Please give every record below again exactly, and keep the pictures out.

++++ Excerpted data

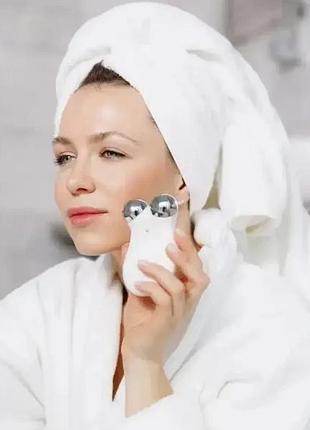 Мікрострумовий масажер для обличчя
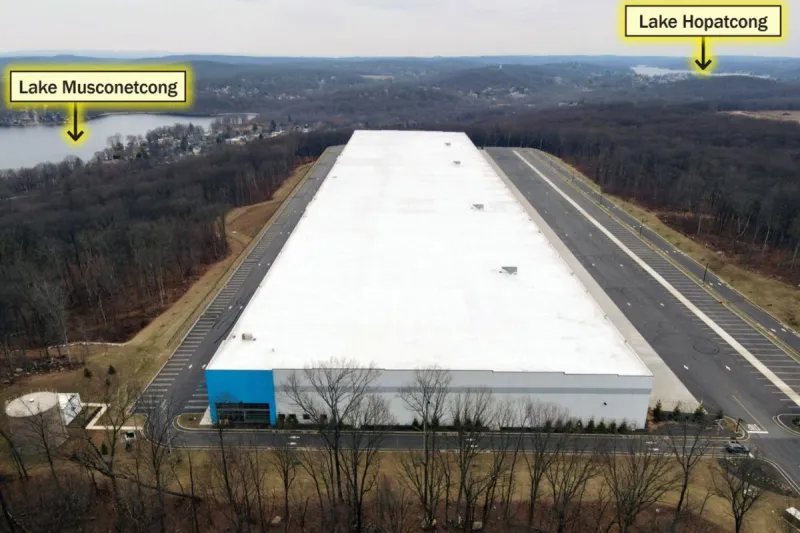 ICE admits processing detainees at Roxbury warehouse
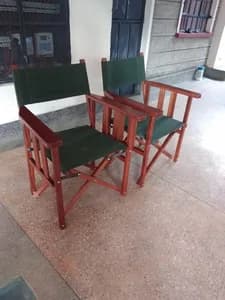 Set of 2 Mahogany Foldable Camp Chairs with Green Canvas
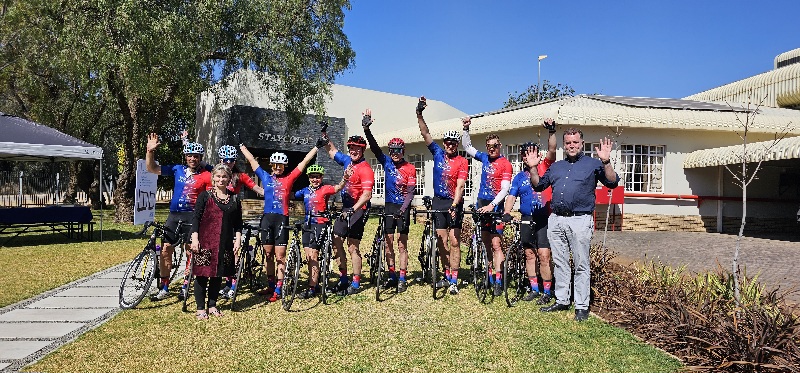 Cyclists welcomed in Cape Town at the end of cycling tour | Parys Gazette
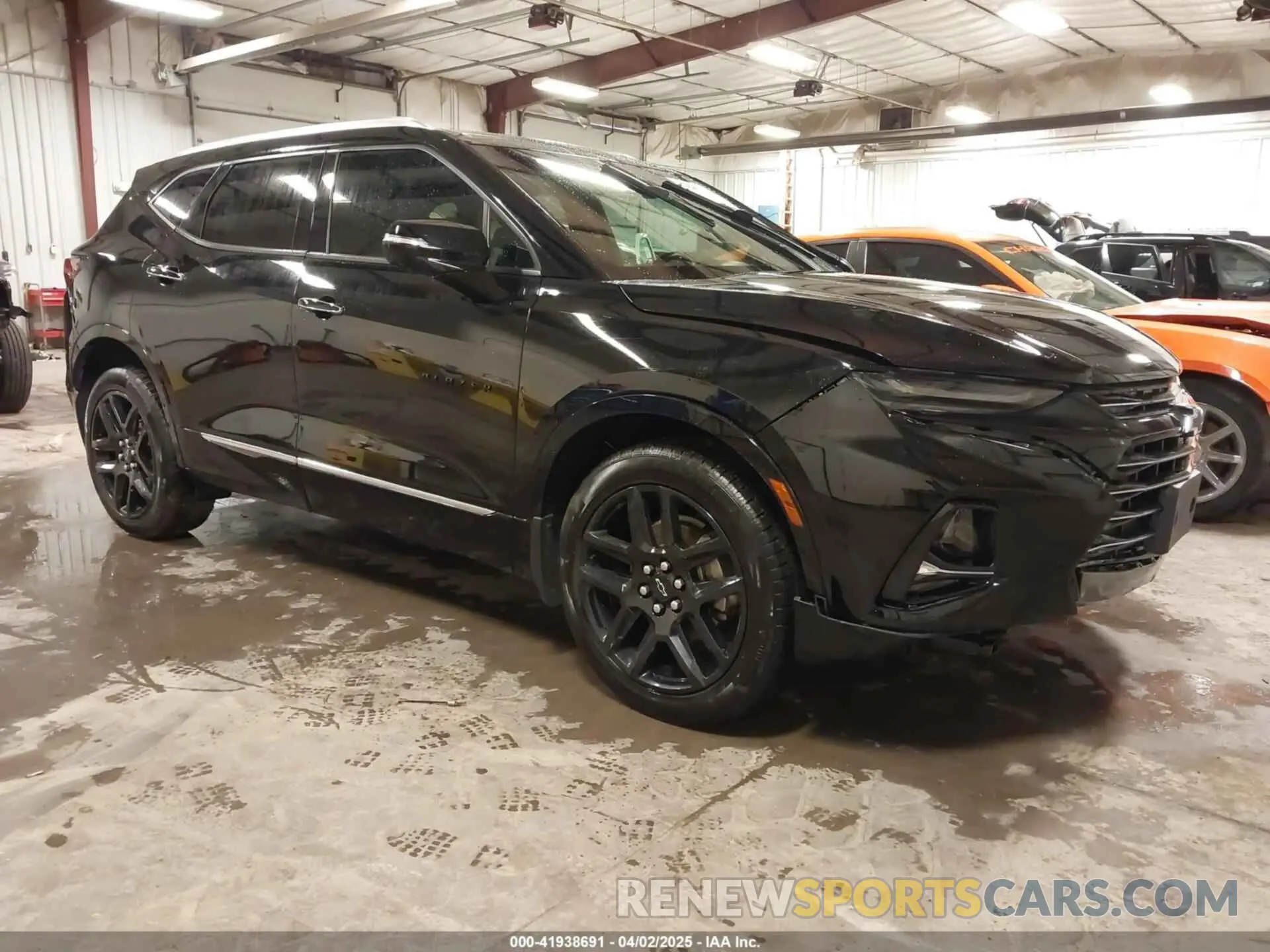 1 Photograph of a damaged car 3GNKBKRS2KS669067 CHEVROLET BLAZER 2019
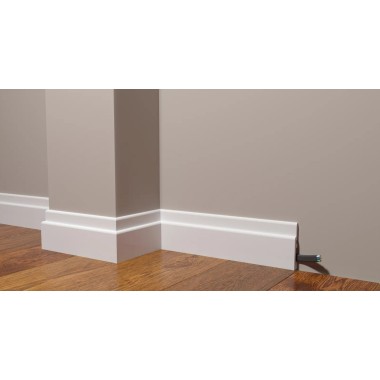 Плинтус DD703 Decor Dizayn 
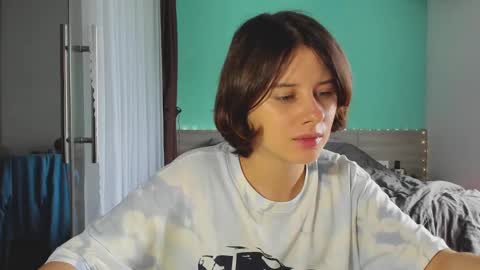 Evie online show from 22, 12, 2024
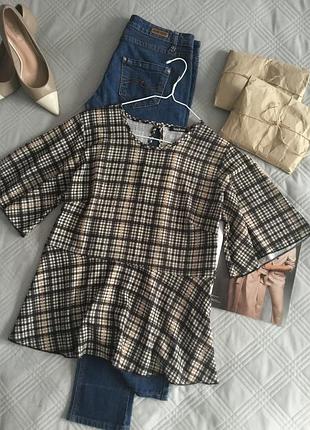 Стильная красивая блуза в микроклетку интересного кроя в размере 16
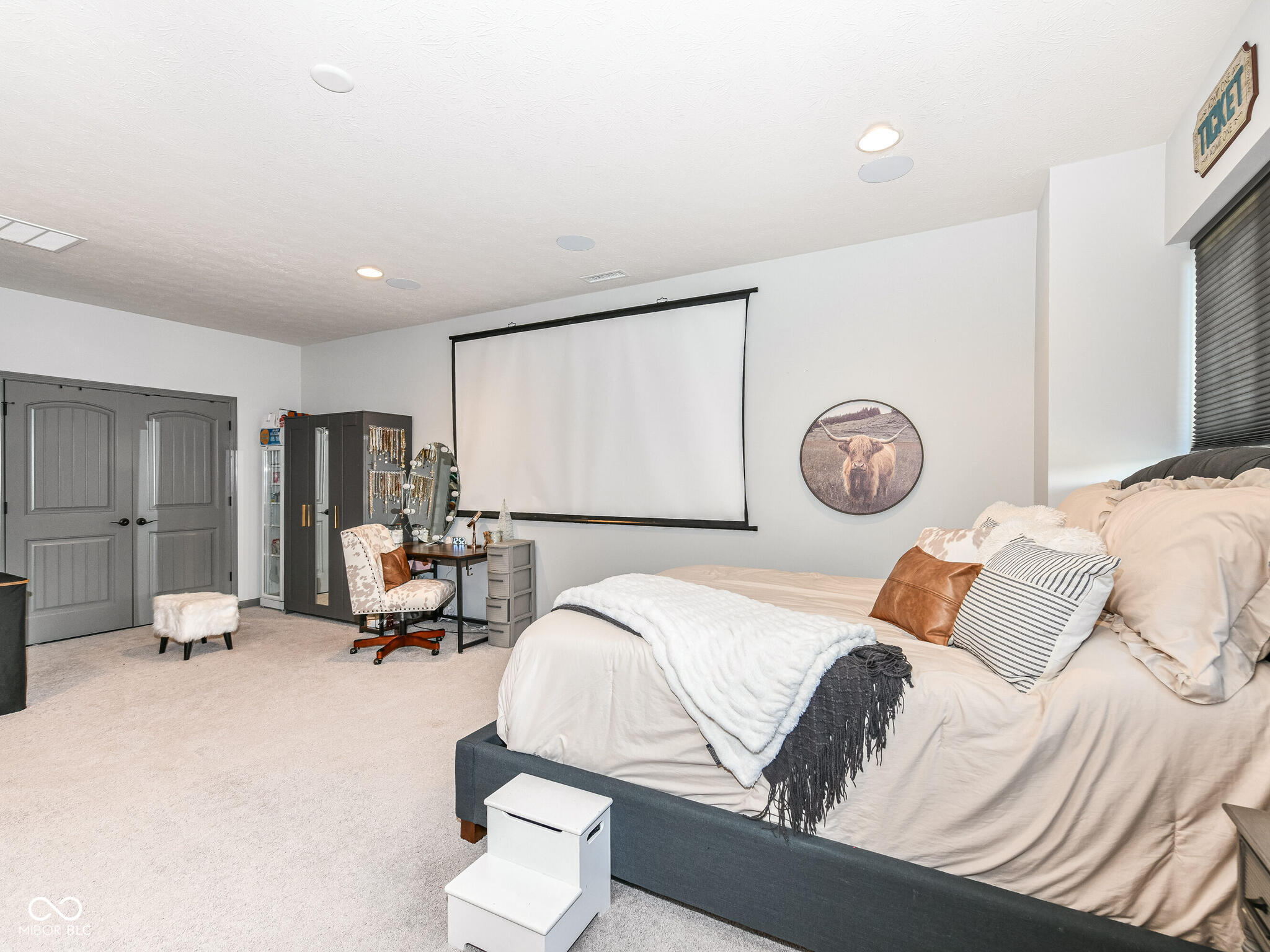 10965 Towpath Court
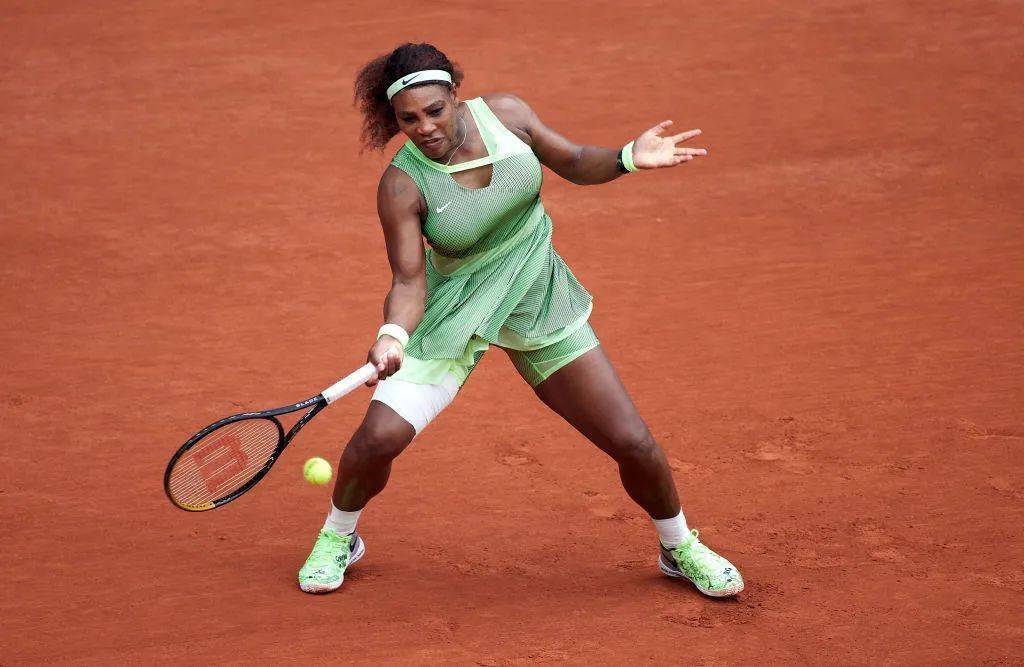 南宫体育-阿扎伦卡在热火比赛中败北，势不可挡引发热议！的简单介绍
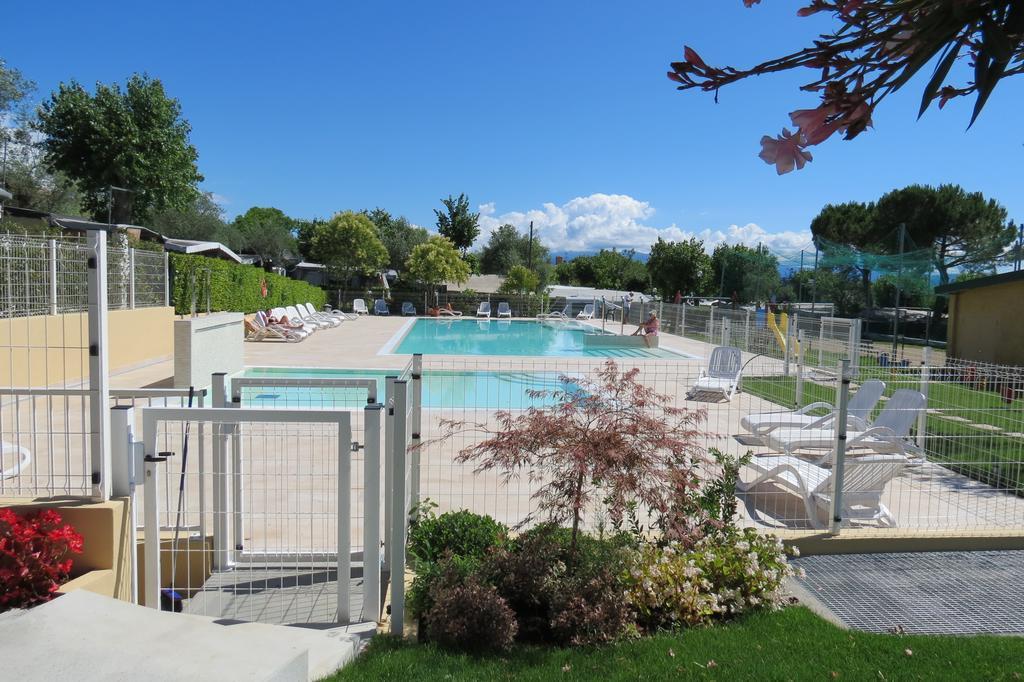 Camping San Michele Hotel Moniga del Garda Bagian luar foto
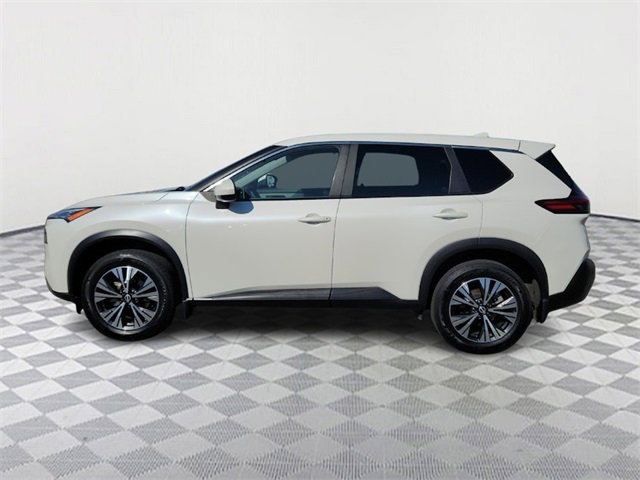Used 2023 Nissan Rogue SV image 4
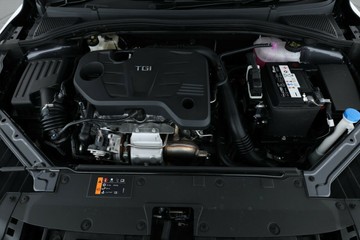 https://vehicle-cdn.autoleague.cloud/30351_1078998_7.jpg
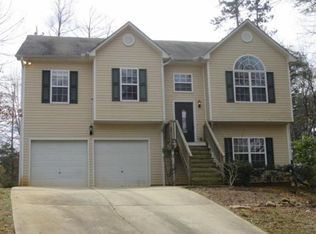 3912 Pine Shore Cir, Gainesville, GA 30501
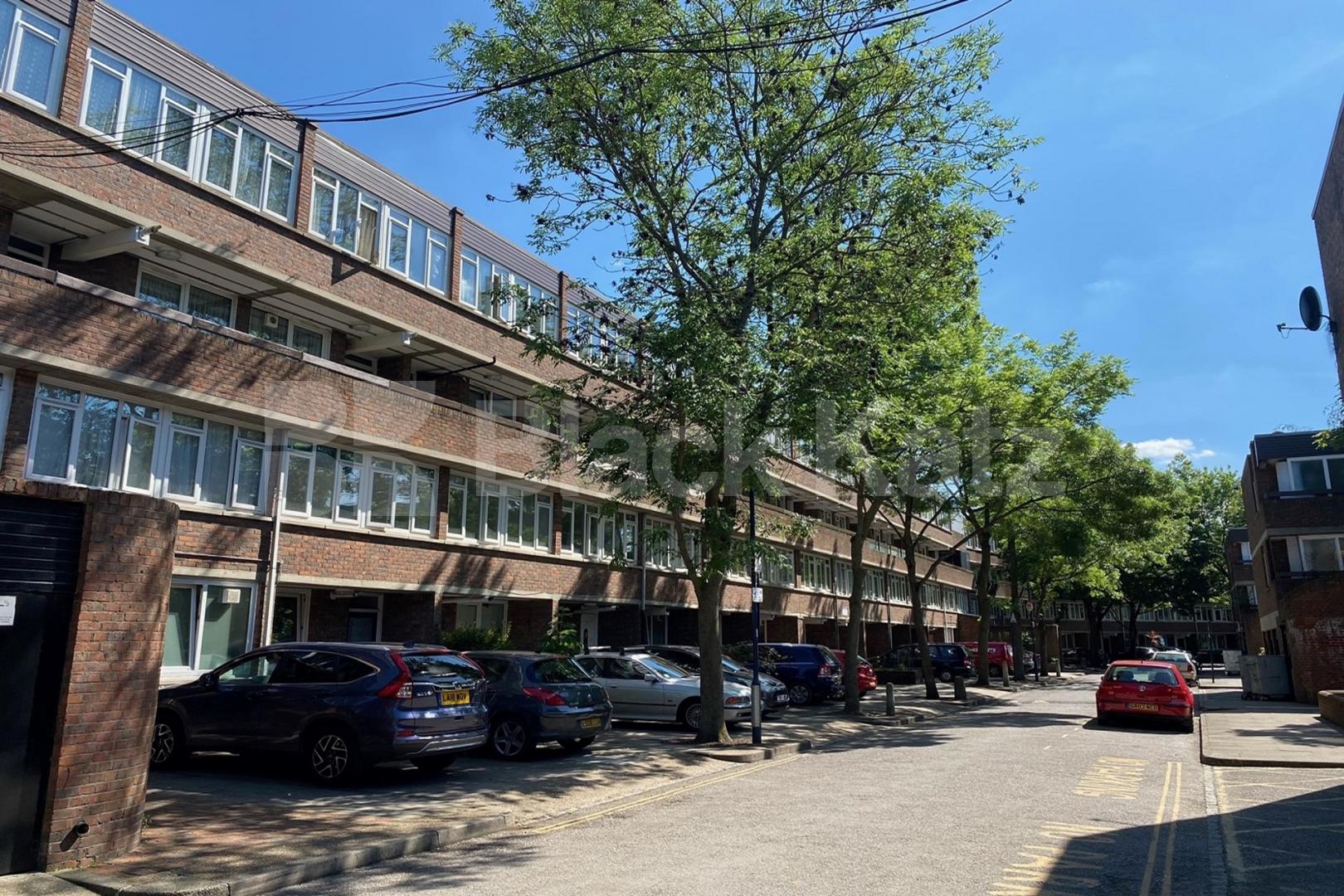 Duplex apartment offering size, quality & location  Carey Gardens, Nine Elms 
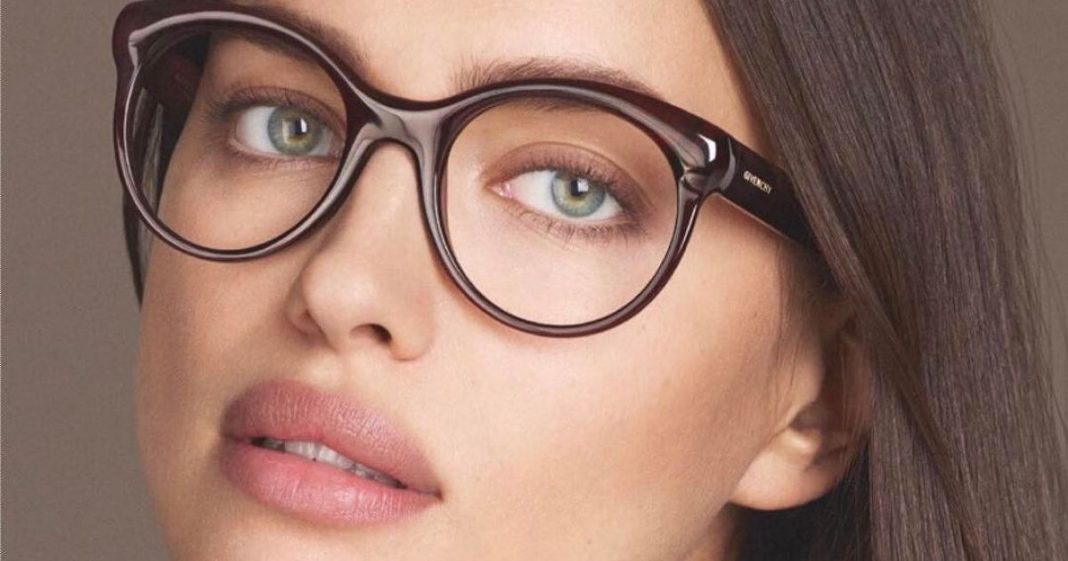 maquillaje para mujeres con lentes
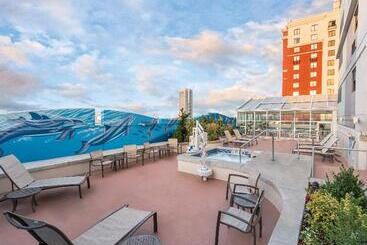 هتل Club Wyndham Skyline Tower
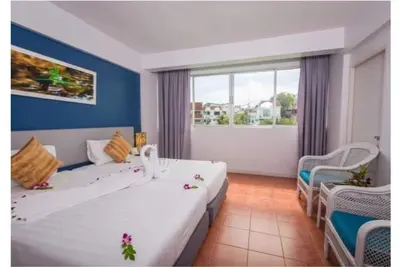 Image de @Plage de sable blanc de Karon, chambre familiale standard # 03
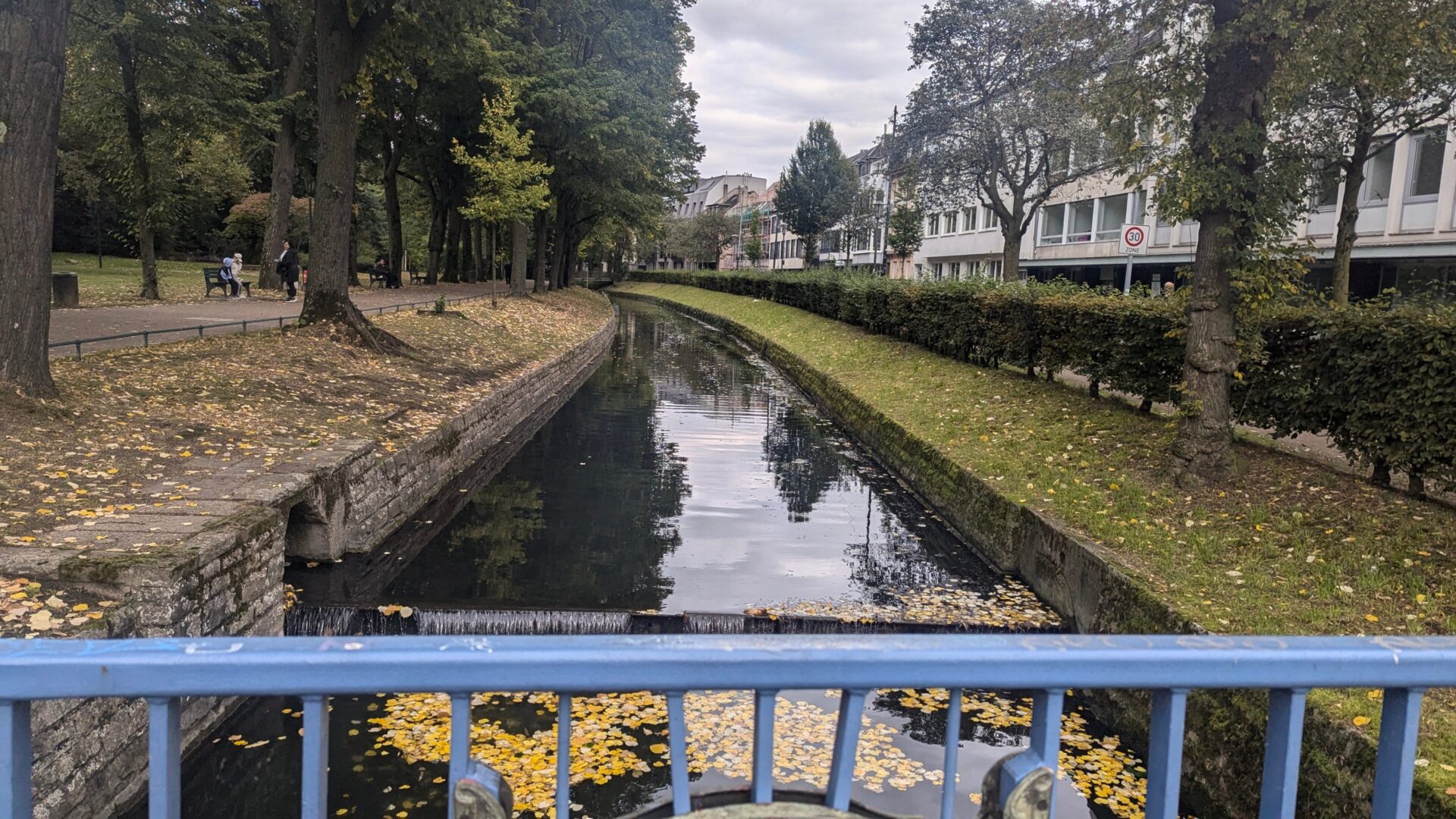 Die Düssel an der Louise-Dumont-Straße in Düsseldorf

++++++++

- **Output of the task**
 Мікрострумовий масажер для обличчя
 ICE admits processing detainees at Roxbury warehouse
 Set of 2 Mahogany Foldable Camp Chairs with Green Canvas
 Cyclists welcomed in Cape Town at the end of cycling tour | Parys Gazette
 1 Photograph of a damaged car 3GNKBKRS2KS669067 CHEVROLET BLAZER 2019
 Плинтус DD703 Decor Dizayn 
 Evie online show from 22, 12, 2024
 Стильная красивая блуза в микроклетку интересного кроя в размере 16
 10965 Towpath Court
 南宫体育-阿扎伦卡在热火比赛中败北，势不可挡引发热议！的简单介绍
 Camping San Michele Hotel Moniga del Garda Bagian luar foto
Used 2023 Nissan Rogue SV image 4
 https://vehicle-cdn.autoleague.cloud/30351_1078998_7.jpg
 3912 Pine Shore Cir, Gainesville, GA 30501
 Duplex apartment offering size, quality & location  Carey Gardens, Nine Elms 
 maquillaje para mujeres con lentes
 هتل Club Wyndham Skyline Tower
 Image de @Plage de sable blanc de Karon, chambre familiale standard # 03
 Die Düssel an der Louise-Dumont-Straße in Düsseldorf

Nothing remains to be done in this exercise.